NEW YORK -- This week will bring the end to an American institution, with all Toys 'R' Us stores set to close by Friday.
Stores with a lot of inventory are offering 60 to 80 percent discounts.
Those with less stock will likely close sooner, but discounts are a bit better: up to 70 to 90 percent off.
The closing of the company's 740 U.S. stores will finalize the downfall of the chain that succumbed to heavy debt and relentless trends that undercut its business, from online shopping to mobile games.
Toys R Us had dominated the toy store business in the 1980s and early 1990s, when it was one of the first of the "category killers"- a store totally devoted to one thing. Its scale gave it leverage with toy sellers and it disrupted general merchandise stores and mom-and-pop shops. Children sang along with commercials about "the biggest toy store there is."
But the company lost ground to discounters like Target and Walmart, and then to Amazon, as even nostalgic parents sought deals elsewhere. GlobalData Retail estimates that nearly 14 percent of toy sales were made online in 2016, more than double the level five years ago.

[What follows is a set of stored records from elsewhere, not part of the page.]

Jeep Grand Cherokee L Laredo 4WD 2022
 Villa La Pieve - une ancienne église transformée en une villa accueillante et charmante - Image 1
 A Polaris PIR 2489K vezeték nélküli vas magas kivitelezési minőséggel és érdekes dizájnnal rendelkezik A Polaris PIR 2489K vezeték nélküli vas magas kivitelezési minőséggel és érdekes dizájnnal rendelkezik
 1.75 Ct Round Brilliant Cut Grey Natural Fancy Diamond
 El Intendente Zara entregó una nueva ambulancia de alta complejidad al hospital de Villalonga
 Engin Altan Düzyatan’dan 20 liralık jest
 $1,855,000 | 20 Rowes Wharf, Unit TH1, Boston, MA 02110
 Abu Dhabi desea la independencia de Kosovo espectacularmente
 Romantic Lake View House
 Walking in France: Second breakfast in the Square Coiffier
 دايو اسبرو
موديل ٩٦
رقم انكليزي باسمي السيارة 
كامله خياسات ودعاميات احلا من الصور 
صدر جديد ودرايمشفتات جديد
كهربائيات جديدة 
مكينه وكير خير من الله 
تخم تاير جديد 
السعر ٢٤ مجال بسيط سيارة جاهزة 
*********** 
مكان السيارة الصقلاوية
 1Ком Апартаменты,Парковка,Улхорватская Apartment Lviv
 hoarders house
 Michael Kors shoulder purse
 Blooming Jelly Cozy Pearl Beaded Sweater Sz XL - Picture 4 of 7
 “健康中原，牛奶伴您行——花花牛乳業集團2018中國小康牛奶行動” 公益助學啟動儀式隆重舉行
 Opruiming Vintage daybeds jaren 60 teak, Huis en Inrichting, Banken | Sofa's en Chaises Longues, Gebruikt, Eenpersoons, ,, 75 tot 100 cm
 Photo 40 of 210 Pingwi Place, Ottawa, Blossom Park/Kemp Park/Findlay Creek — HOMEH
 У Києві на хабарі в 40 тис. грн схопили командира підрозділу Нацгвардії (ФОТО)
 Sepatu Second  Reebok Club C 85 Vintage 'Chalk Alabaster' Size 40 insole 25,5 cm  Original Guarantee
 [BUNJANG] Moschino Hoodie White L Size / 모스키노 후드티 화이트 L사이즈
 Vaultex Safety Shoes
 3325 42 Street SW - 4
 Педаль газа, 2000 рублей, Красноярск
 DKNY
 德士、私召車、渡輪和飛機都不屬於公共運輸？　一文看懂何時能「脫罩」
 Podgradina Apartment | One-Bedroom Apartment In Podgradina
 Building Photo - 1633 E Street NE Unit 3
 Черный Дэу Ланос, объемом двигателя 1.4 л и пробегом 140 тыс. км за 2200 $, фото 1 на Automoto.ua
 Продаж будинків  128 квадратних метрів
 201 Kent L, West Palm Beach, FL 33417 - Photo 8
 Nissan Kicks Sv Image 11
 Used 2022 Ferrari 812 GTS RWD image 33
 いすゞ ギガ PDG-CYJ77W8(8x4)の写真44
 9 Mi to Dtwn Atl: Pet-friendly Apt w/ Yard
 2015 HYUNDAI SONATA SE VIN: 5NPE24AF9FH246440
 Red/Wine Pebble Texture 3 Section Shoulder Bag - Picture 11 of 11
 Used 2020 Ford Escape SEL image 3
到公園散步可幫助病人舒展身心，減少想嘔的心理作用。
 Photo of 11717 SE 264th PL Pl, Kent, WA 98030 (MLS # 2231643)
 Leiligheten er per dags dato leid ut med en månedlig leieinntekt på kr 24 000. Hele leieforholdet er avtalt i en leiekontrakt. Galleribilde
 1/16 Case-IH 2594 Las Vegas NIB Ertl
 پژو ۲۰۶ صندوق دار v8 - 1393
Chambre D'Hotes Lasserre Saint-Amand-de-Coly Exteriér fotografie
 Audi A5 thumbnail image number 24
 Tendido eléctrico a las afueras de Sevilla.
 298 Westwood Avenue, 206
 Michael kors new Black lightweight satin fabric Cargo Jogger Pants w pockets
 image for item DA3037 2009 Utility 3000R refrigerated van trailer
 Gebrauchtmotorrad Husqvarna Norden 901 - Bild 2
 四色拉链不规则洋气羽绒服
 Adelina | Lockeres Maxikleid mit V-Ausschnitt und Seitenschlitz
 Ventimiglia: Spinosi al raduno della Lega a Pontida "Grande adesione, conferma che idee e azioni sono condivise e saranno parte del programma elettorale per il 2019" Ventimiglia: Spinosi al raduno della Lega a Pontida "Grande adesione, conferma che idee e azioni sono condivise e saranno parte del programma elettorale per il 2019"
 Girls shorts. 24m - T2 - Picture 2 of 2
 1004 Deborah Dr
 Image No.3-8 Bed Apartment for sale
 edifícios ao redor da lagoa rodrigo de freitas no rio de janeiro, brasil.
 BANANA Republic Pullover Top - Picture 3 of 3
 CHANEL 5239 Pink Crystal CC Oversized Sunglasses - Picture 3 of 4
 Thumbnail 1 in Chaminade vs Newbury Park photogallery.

The toy seller said in bankruptcy filings that Amazon's low prices were hard to match, and it said its Babies R Us chain lost customers to the online retailer's convenient subscription service, which let parents receive diapers and baby formula at their doorstep automatically. Toys R Us blamed its "old technology" for not offering its own subscriptions.
But the company's biggest albatross was that it struggled with massive debt since private-equity firms Bain Capital, KKR & Co. and Vornado Realty Trust took it private in a $6.6 billion leveraged buyout in 2005. Weak sales prevented them from taking the company public again. With such debt levels, Toys R Us did not have the financial flexibility to invest in its business. The company closed its flagship store in Manhattan's Times Square, a huge tourist destination that featured its own Ferris wheel, about two years ago.